Consul, l'ambitieux Bernier lui est un docile instrument pour négocier avec Rome ce Concordat que quelques-uns repoussent, mais qui assure au plus grand nombre la liberté et la légitime pratique de la religion pour laquelle ils ont souffert et lutté pendant dix ans. Empereur, il dote le Département d'une capitale neuve — La Roche-sur-Yon, devenue « Napoléon-Vendée » — qui peut servir tout aussi bien de camp retranché que de Préfecture, aux portes même du Bocage; il trace les premières routes qui permettent de sillonner rapidement le pays ; mais il ne s'en tient pas à ces aménagements économico-stratégiques : il donne pour la reconstruction des églises, il protège le clergé, prête de l'argent à la ville de Cholet pour relever son commerce et donner du travail aux tisserands de la région, la dote d'un Tribunal de Commerce et d'un Collège, installe à Beaupréau une Ecole d'Arts et Métiers.

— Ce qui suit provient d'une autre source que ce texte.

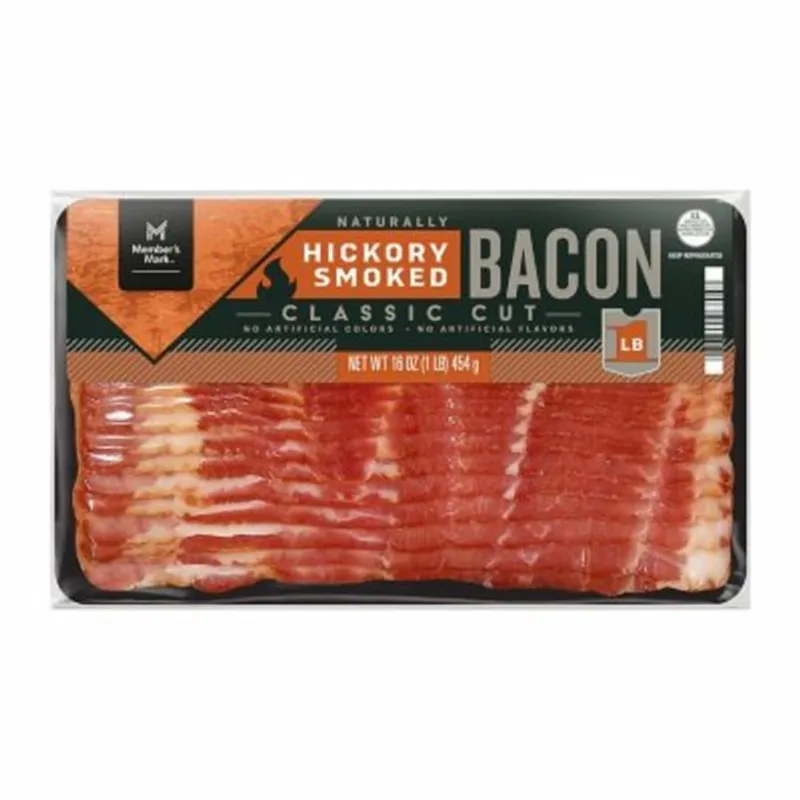 Member's Mark Hickory Smoked Bacon view 1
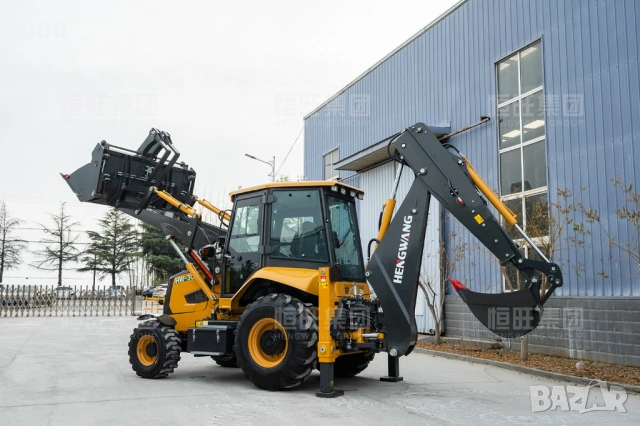 Продавам багер Hengwang HW 3CX, снимка 4 - Индустриална техника - 53217183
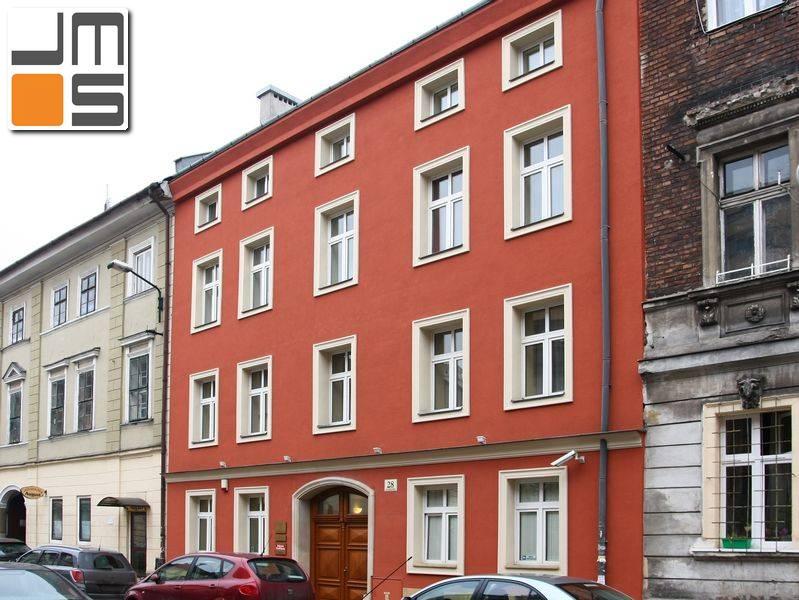 Projekt elewacji kamienicy w Krakowie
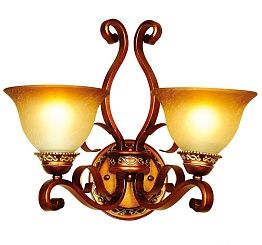 SL107.301.02 — Бра ST Luce, 2 плафона, бежевый, бронза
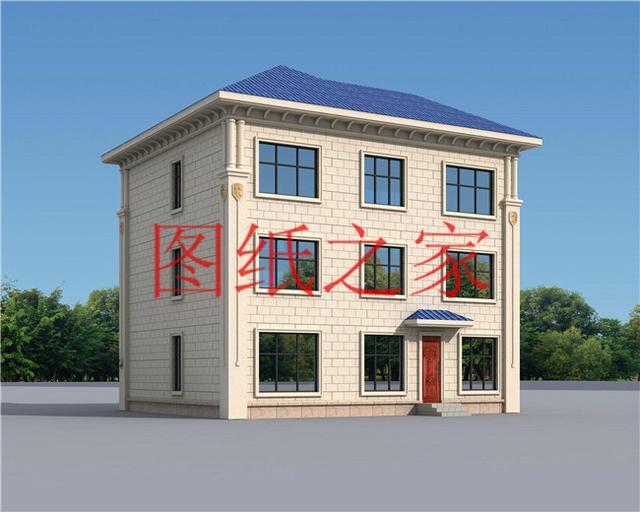 最受歡迎的三層別墅設計圖，12X11米戶型方正，美觀又實用！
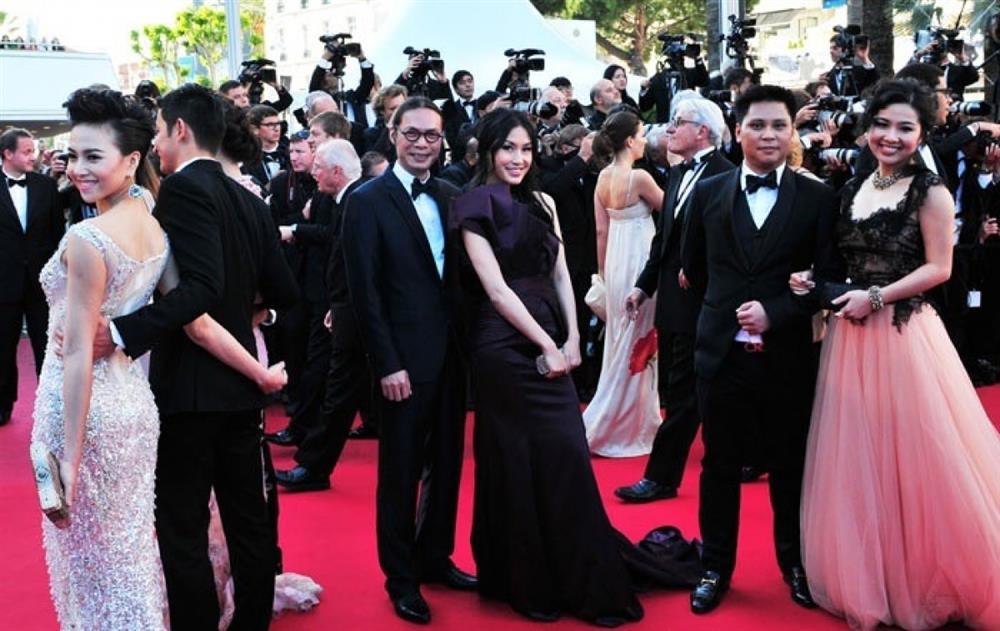 Dàn sao Việt góp mặt thảm đỏ Liên hoan phim Cannes qua các thời kỳ-4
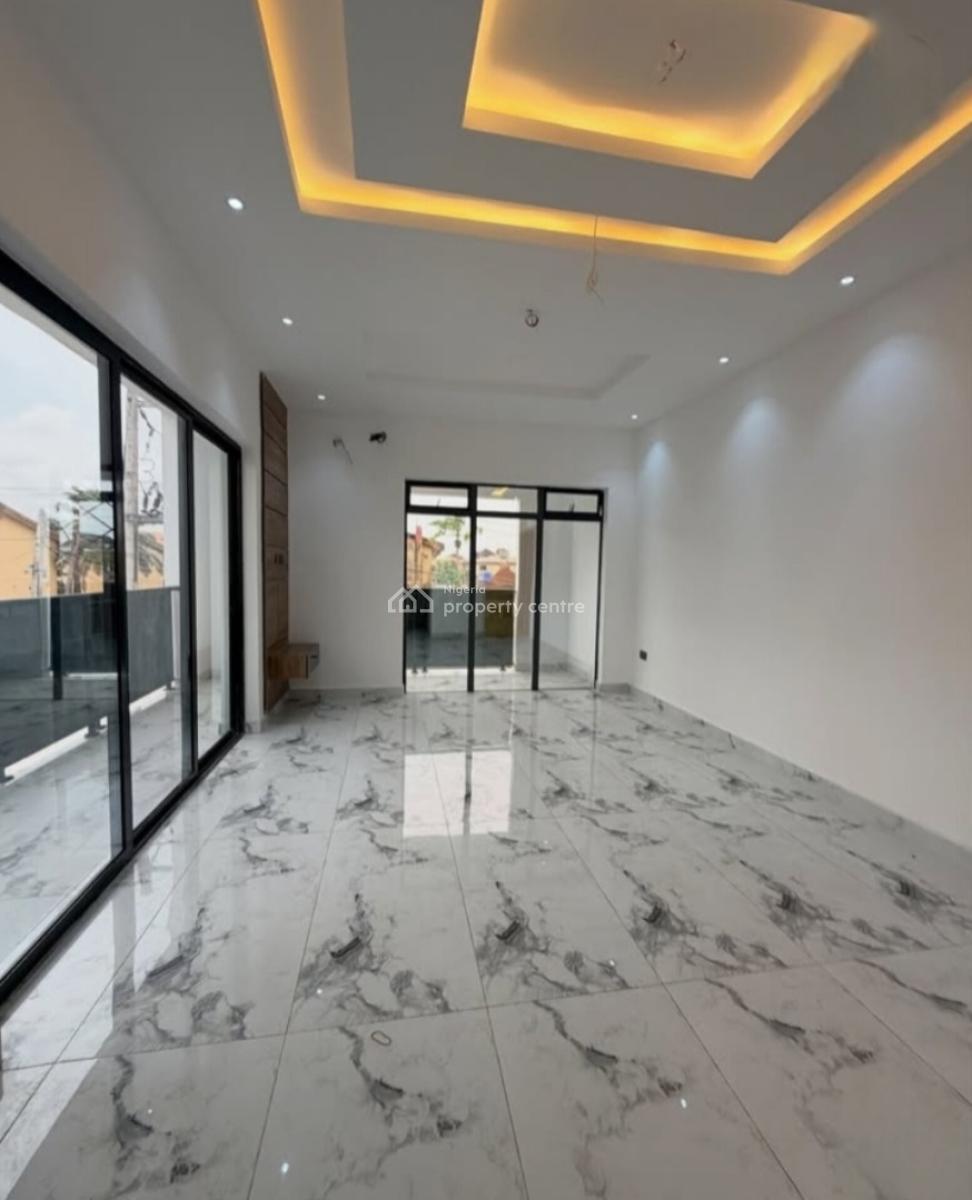 4 Bedroom Detached Duplex with a Room Bq, Oke-odo Gra Scheme, Oke-odo, Lagos, Detached Duplex for Sale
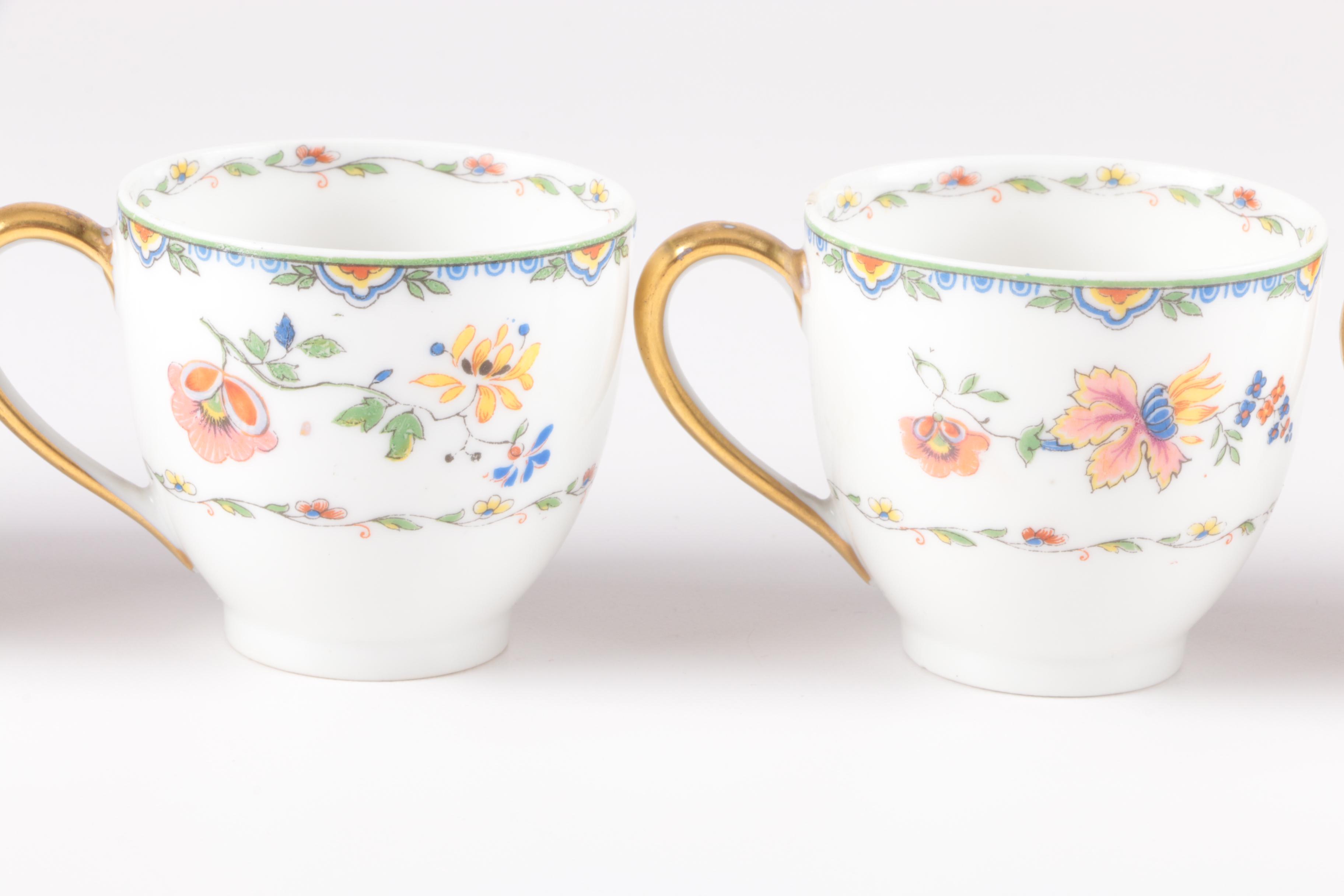 Vintage C.H. Haviland Limoges Porcelain Tableware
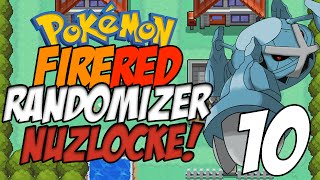 Pokemon Fire Red Randomizer Nuzlocke Part 10 - WHAT A TEASE!!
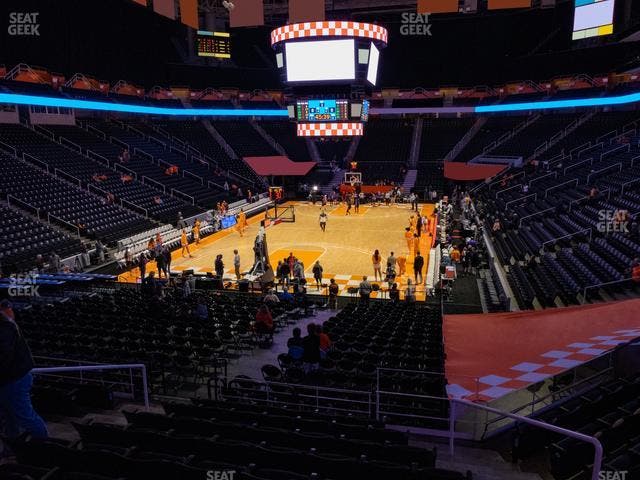 Thompson-Boling Arena at Food City Center - Section 112 Seat View Thompson-Boling Arena at Food City Center - Section 112 Seat View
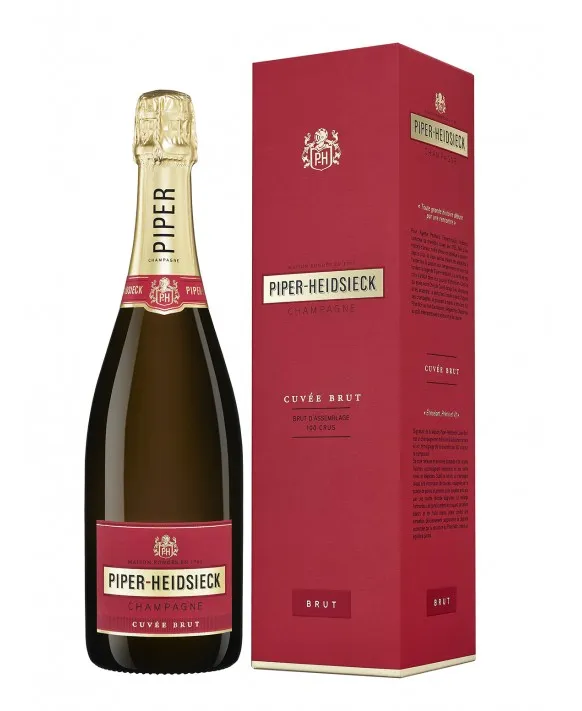 Piper-heidsieck brut millesime 2018 75 cl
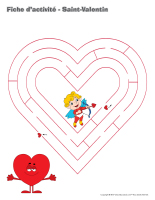 Fiches d'activité Cahier de la Saint-Valentin-2017 Fiches d'activité Cahier de la Saint-Valentin-2017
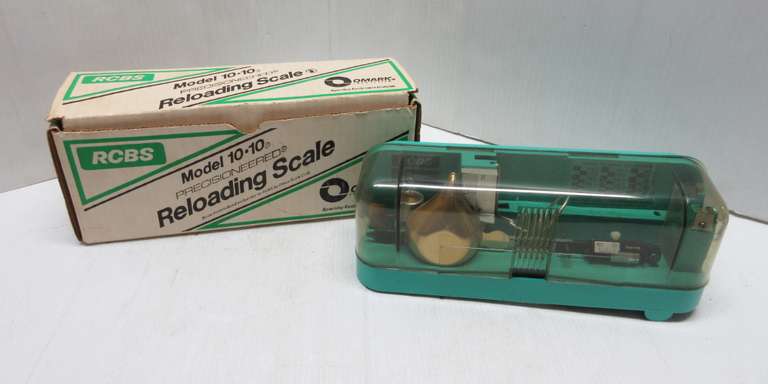 RCBS Reloading Scale, Model 10-10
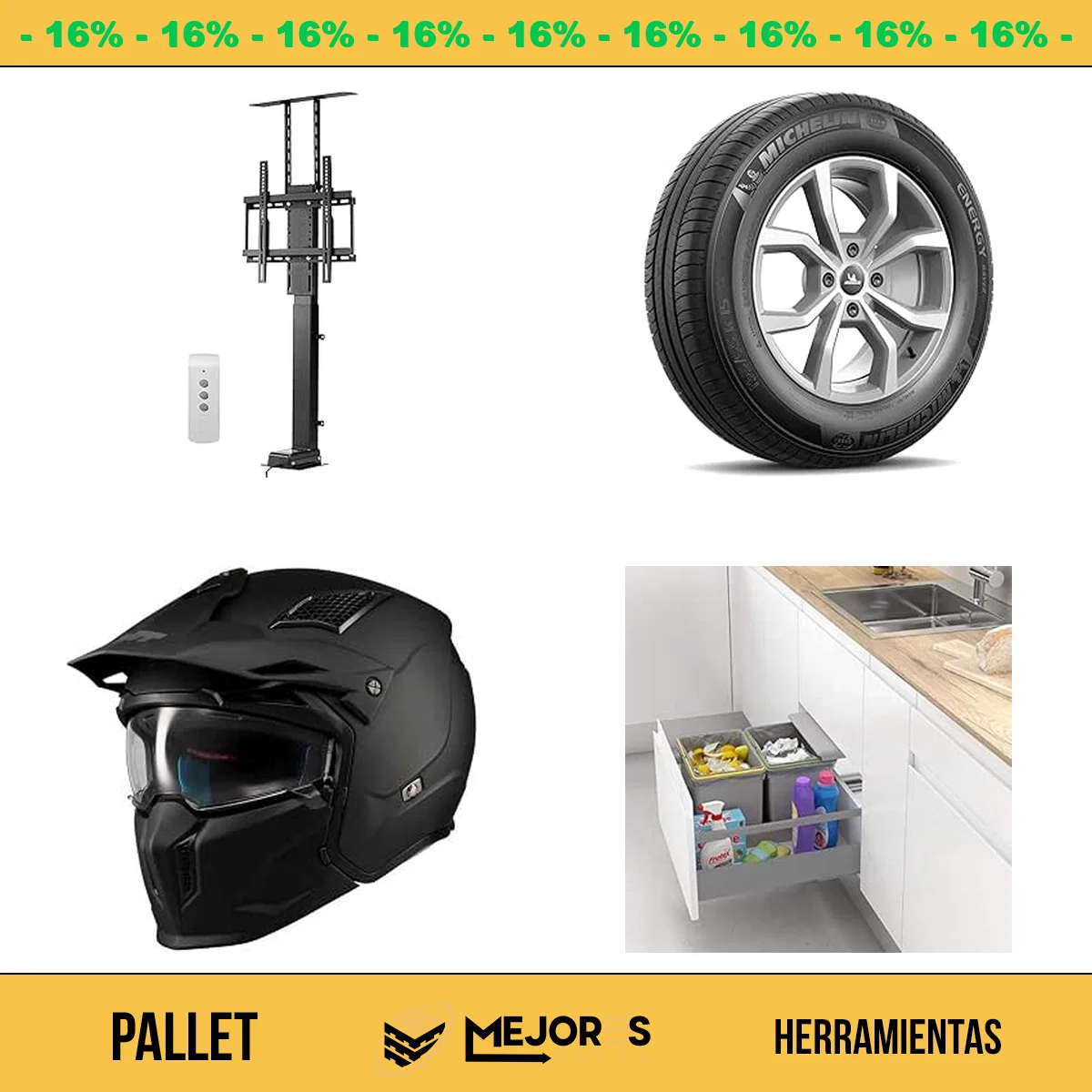 Pallet de 27 Items Sin Revisar, Herramientas, Lote #10241924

Les agents de Louis XVIII, pourtant, ne perdent pas l'espoir d'une revanche ; mais les chefs royalistes répondent qu'ils ne se lèveront plus maintenant que conduits par un Prince.

 

Mais l'Empire, attaqué par les Alliés, décrète une nouvelle levée d'hommes, et la crainte de la conscription, tout comme en 93, donne à d'Autichamp et à Louis de La Rochejaquelein une armée de réfractaires, qui n'aura du reste pas à combattre : l'Empereur prend le chemin de l'Ile d'Elbe — ce qui permet au Comte d'Artois de débarquer enfin, par terre, aux Tuileries ouvertes par les Alliés.

L'allégresse des vieux royalistes diminua rapidement quand ils virent le Roi s'entourer de terroristes rassis et d'impérialistes renégats.

 

L'Empereur revient... Le 1er mars 1815 il est au Golfe Juan; le 24, il couche aux Tuileries et Louis XVIII est déjà reparti vers Gand. Le Duc de Bourbon, envoyé dans l'Anjou pour y organiser une résistance à l'usurpateur » sent la partie perdue, et accepte, le 25 mai, les passeports qu'on lui offre. Travot, sous les ordres de Lamarque, a reçu de Napoléon la mission de mater les rebelles s'il le faut; il n'y faillira pas... Quelques combats secondaires, à Saint-Pierre-des-Echaubrognes, à Aizenay, aux Mathes où périt La Rochejaquelein, à Rocheservière enfin, où, le 20 juin, les royalistes cernés doivent mettre bas les armes, et échanger, une promesse d'amnistie contre un engagement de ne plus les reprendre.

Encore une fois la Vendée est vaincue, l'Empire triomphe... il triomphe en Vendée... dans les mêmes jours il s'écroule à Waterloo.

Dernière guerre où manquait l'âme d'un Cathelineau. D'Autichamp et ses lieutenants viennent de réaliser que, depuis l'avènement de Bonaparte et la pacification religieuse, la vieille Vendée militaire n'a plus de raison de s'insurger.

L'occupation prussienne, à Nantes et à Angers, au nom du Roi, fait plus pour la réconciliation des partis que des années de diplomatie.

Chefs vendéens et grognards de l'Empire communient dans le même sentiment patriotique.

 

L'avènement de Charles X, le 6 septembre 1824, donnait quelque espoir aux vieux Vendéens d'être enfin traités avec moins d'injustice : on décidait de leur allouer des pensions... mais parmi les «parties prenantes » furent inscrits de grands seigneurs qui, s'ils n'avaient jamais fait la guerre, avaient au moins fait des dettes, et brûlaient du désir de les payer, tandis que d'autres se virent frustrés, qui avaient des droits certains : de là des protestations pour « fraude en matière de pensions abusives »

1830... Les « Trois Glorieuses »... le succès de Bourmont à Alger n'a pu sauver le Roi ni ses ministres de l'impopularité grandissante. Charles X tergiverse un instant devant les événements, puis abdique en faveur du Duc de Bordeaux... Inutile précaution... le monarque déchu se retire à

Rambouillet : départ qui stupéfie la France, et atterre les fidèles de Vendée, qui toujours blâmeront une telle fuite.